Spiritualitas dalam Musik dan Tarian

Musik dan Tarian

Allah Yang Mahakuasa menciptakan hati manusia bagaikan sebuah batu api. Ia menyimpan api yang akan berpijar-pijar musik dan harmoni, yang mampu memberikan ketenteraman kepadanya dan orang lain. Harmoni yang dinikmati manusia merupakan gema dari keindahan dunia yang lebih tinggi, yang kita sebut dunia ruh.
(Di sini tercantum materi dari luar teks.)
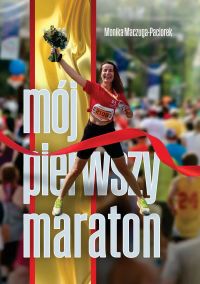 Mój pierwszy maraton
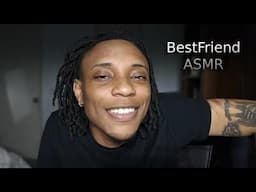 ASMR Your Bestfriend Hangs out with You all night | Personal Attention
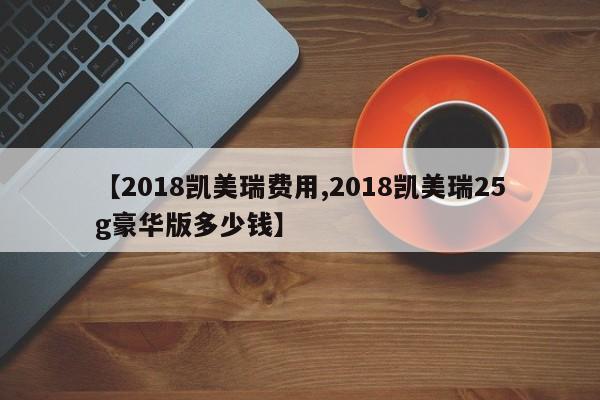 【2018凯美瑞费用,2018凯美瑞25g豪华版多少钱】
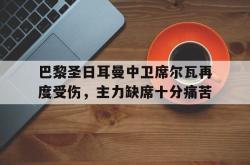 张三复出，球队实力增强备战新赛季CBA-关于巴黎圣日耳曼中卫席尔瓦再度受伤，主力缺席十分痛苦的信息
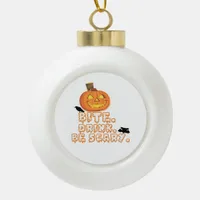 Bite Drink Be Scary Halloween Ceramic Ball Christmas Ornament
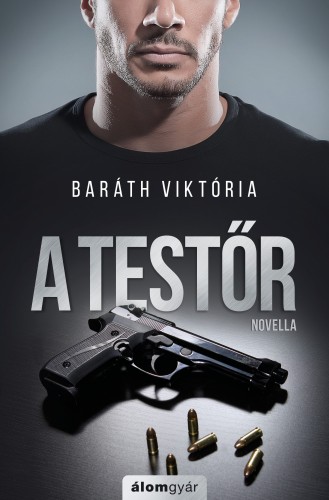 Baráth Viktória - A testőr (novella) [eKönyv: epub, mobi]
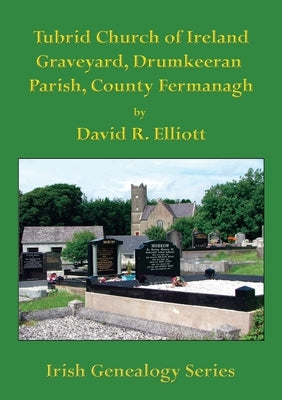 Tubrid Church of Ireland Graveyard, Drumkeeran Parish, County Fermanagh by Elliott, David R.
Allah yang Mahakuasa menciptakan hati manusia bagaikan sebuah batu api. Ia menyimpan api yang akan berpijar-pijar, musik dan harmoni, yang mampu memberikan ketenteraman kepadanya dan orang lain. Harmoni yang dinikmati manusia merupakan gema dari keindahan dunia yang lebih tinggi, yang kita sebut dunia ruh. Ia mengingatkan bahwa manusia terhubung dengan dunia itu, dan membangkitkan emosi yang sedemikian dalam dan asing dalam dirinya sehingga ia sendiri tak kuasa menjelaskannya. Musik dan tarian sangat dalam memengaruhi keadaan hati manusia; ia menyalakan cinta yang tertidur dalam hati—cinta yang bersifat duniawi dan indriawi, maupun yang ilahi dan ruhani.
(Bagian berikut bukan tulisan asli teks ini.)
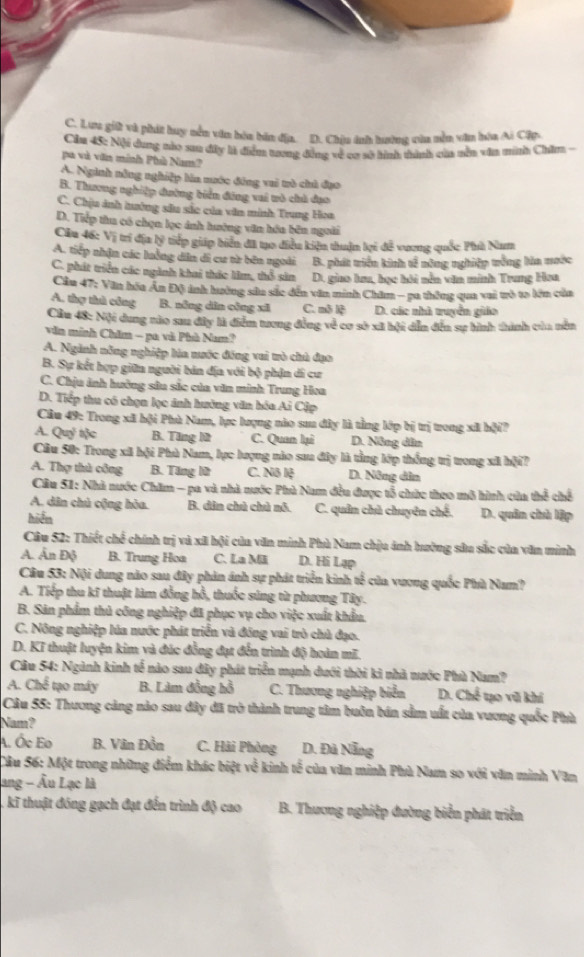 C. Lưa giữ và phát huy nền văn hòa bản địa. D. Chịu ánh hường của nền văn hòa Ai Cập
Cầu 45: Nội dung nào sau đây là điểm trơng đồng về cơ sở hình thành của nền văn minh Chăm-
pa và văn minh Phù Nam?
A. Nginh nông nghiệp làa nước đông vui trò chủ đạo
B. Thương nghiệp đường tiển đáng vui uò chủ dạo
C. Chịu ảnh tướng sâu sắc của văn minh Trung Hoa
D. Tiếp tha có chọn lọc ảnh hướng văn hóa bên ngoài
Cầu 46: Vị trí địa lý tiếp giáp biển đã tạo điều kiện thuận lợi đễ vương quốc Phù Nam
A. tiếp nhận các luởng dân di cư từ bên ngoài B. phát tiện kinh tế nông nghiệp tống lửa mước
C. phát triển các ngành khai thác lâm, thổ sản D. giao lưu, học hỏi nễn văn minh Trung Hơa
Cầu 47: Văn hóa Ân Độ inh hường sửu sắc đến văn minh Chăm - pa thông qua vai trò to lên của
A. thợ thủ công B. nổng dân cộng xī C. mô lệ D. các nhà tuyển giáo
Cầu 48: Nội dung nào sau đây là điểm tương đồng về cơ sò xã hội dễn đễn sự hình thành của nên
văn minh Chăm - pa và Phù Nam?
A. Ngành năng nghiệp lúa nước đồng vai trò chủ đạo
B. Sự kết hợp giữn người bán địa với bộ phận di cư
C. Chịu ảnh hưởng sâu sắc của văn minh Trung Hoa
D. Tiếp thu có chọn lọc ảnh hưởng văn hóa Ai Cập
Câu 49: Trong xã hội Phù Nam, lực lượng nào sau đây là tằng lớp bị trị trong xã hội?
A. Quỷ tộc B. Tăng lữ C. Quan lại D. Nông dân
Cầu 50: Trong xã hội Phù Nam, lực lượng nào sua đây là tằng lớp thống trị trong xã bội?
A. Thợ thủ công B. Tăng lử C. Nô lệ D. Nông dân
Cầu 51: Nhà nước Chăm - pa và nhà nước Phù Nam đều được tổ chức theo mô hình của thể chế
A. dân chủ cộng hòa. B. dân chủ chủ nó. C. quân chủ chuyên chế. D. quân chủ lập
hiển
Câu 52: Thiết chế chính trị và xã bội của văn minh Phù Nam chịu ảnh hường sâu sắc của văn minh
A. Ấn Độ B. Trung Hoa C. La Mã D. Hi Lạp
Câu 53: Nội dung nào sau đây phản ảnh sự phát triển kinh tế của vương quốc Phù Nam?
A. Tiếp thu kĩ thuật làm đồng hồ, thuốc súng từ phương Tây.
B. Săn phẩm thủ công nghiệp đã phục vụ cho việc xuất khẩu.
C. Nông nghiệp lúa nước phát triển và đồng vai trò chủ đạo.
D. Kĩ thuật luyện kim và đúc đồng đạt đến trình độ hoàn mĩ.
Cầu 54: Ngành kinh tế nào sau đây phát triển mạnh dưới thời kì nhà nước Phù Nam?
A. Chế tạo máy B. Làm đồng hồ C. Thương nghiệp biển  D. Chế tạo vũ khí
Câu 55: Thương cảng nào sau đây đã trở thành trung tâm buôn bán sầm uất của vương quốc Phù
Nam?
A. Ốc Eo B. Vân Đồn C. Hải Phòng D. Đã Nẵng
Câu 56: Một trong những điểm khác biệt về kinh tế của văn minh Phù Nam so với văn minh Văn
ang - Âu Lạc là
, kĩ thuật đóng gạch đạt đến trình độ cao  B. Thương nghiệp đường biển phát triển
Para teolog bersilang pendapat mengenai kebolehan musik dan tarian dalam aktivitas keagamaan. Mazhab Zahiriah berpendapat bahwa Allah sama sekali tak dapat dipersepsi manusia. Mereka menolak kemungkinan manusia bisa benar-benar merasakan cinta kepada Allah. Bagi mereka, manusia hanya bisa mencintai makhluk. Cinta yang diyakini sebagian manusia sebagai cinta kepada Sang Khalik hanyalah proyeksi dari rasa cintanya kepada makhluk atau sekadar bayang-bayang yang tercipta oleh khayalannya.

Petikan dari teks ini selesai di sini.